The Latin days of the week in imperial Rome were named after the planets, which in turn were named after gods (see discussion at week n.). In most cases the Germanic names have substituted for the Roman god's name that of a comparable one from the Germanic pantheon, but in the case of Saturday, the Roman name was retained and borrowed.

For example, Tuesday was originally named after Mars, but then switched to Tiw:

Originally cognate with or formed similarly to Old Frisian tīesdei , Old High German ziestag , Middle High German zīstag (German regional (south-eastern) Ziestag , (south-eastern and Swiss) Ziestig ) < the genitive of the Germanic base of the name of (the god) Tiw (see note) + the Germanic base of day n., after post-classical Latin dies Martis day of (the planet) Mars (4th cent. but probably earlier; frequently from c1135 in British sources; compare classical Latin Martis diēs

When the days were renamed, Mars was equivalent to Tiig (Tiw):

eOE Corpus Gloss. 76/2 Mars, martis, tiig.

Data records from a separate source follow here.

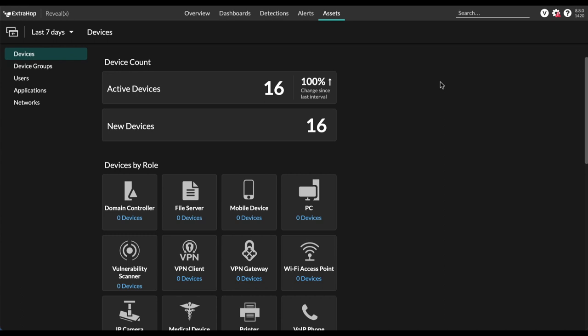When combined with ExtraHop packet sensors, this new offering provides enhanced security by combining the breadth of flow logs with the deep visibility of packets, unifying everything into a single management pane so you can see your entire attack surface, conduct forensic investigations, and hunt for threats all in one place.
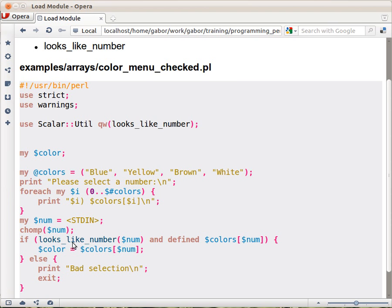And if it looks_like_number, then we are also going to check this. If this already fails because the $num doesn't look like a number, then this expression will already fail, and the else part will be executed.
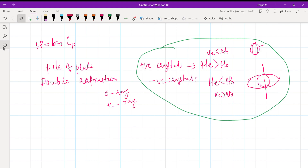Polarization by scattering confirms that the light wave is electromagnetic and not a longitudinal wave. Only if it is a transverse wave can you have polarization.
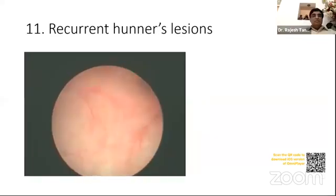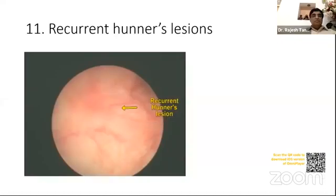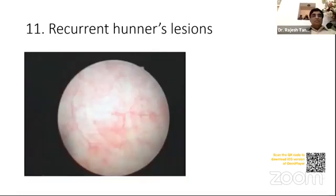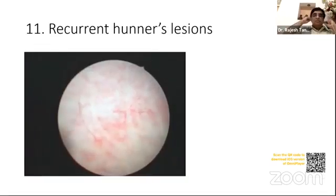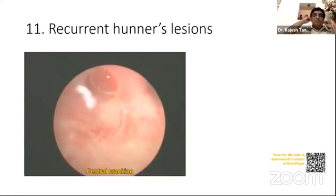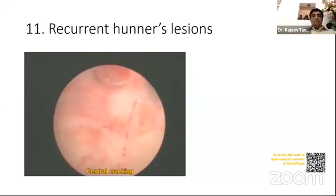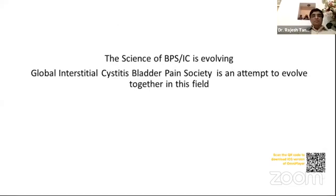The patient had been treated with hydrodistension and fulguration of Hunner's lesions with good response for over two years. This cystoscopy was done for relapse of symptoms. Note the central cracking upon hydrodistension. The science of BPS/IC is evolving. Thank you.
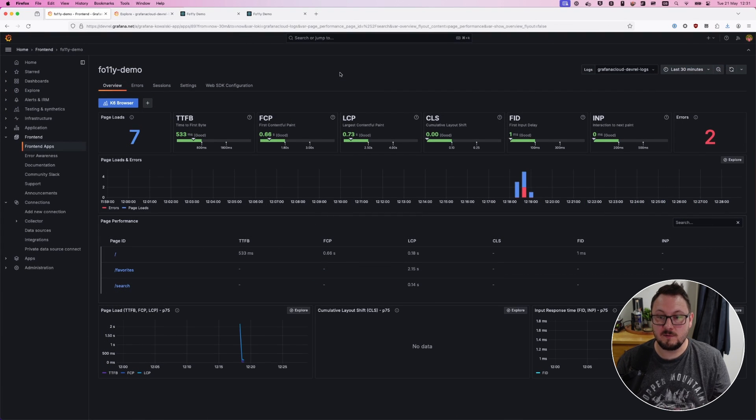We've successfully instrumented our React application using the Grafana Faro SDK and Grafana Frontend Observability in Grafana Cloud. Thanks for watching as we explored how to enhance your React app with Grafana Faro for a comprehensive frontend observability solution. If you want to dive deeper, make sure to check out our documentation — the link's in the description below. If you found this video helpful, please give it a like and consider subscribing to the channel for more Grafana tutorials. If you have any questions or feedback, leave them in the comments below. Until next time, take care!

The OED also notes that the Germanic people would have originally used the Roman names, but then subsequently changed them (by Old English, Mars didn't factor into Tuesday at all):

The English names, Sunday, Monday, etc., belong to an astrological week which, quite independently of the Jewish–Christian week, arose from the practice of assigning the successive hours to the seven planets in the order of their distance, and then naming each whole day (of 24 hours) from the planet supposed to rule its first hour. The planetary names, Dies Solis, Dies Lunæ, Dies Martis, etc., came into common use in the Roman empire, and were adopted in translated form by the English (before they came to Britain) and other Germanic peoples; the names Mars, Mercurius, etc., being apprehended as names of Roman gods, were rendered by the names of the Teutonic deities supposed to correspond to these

There is no further note on why Saturday was allowed to remain a reference to Saturn, however.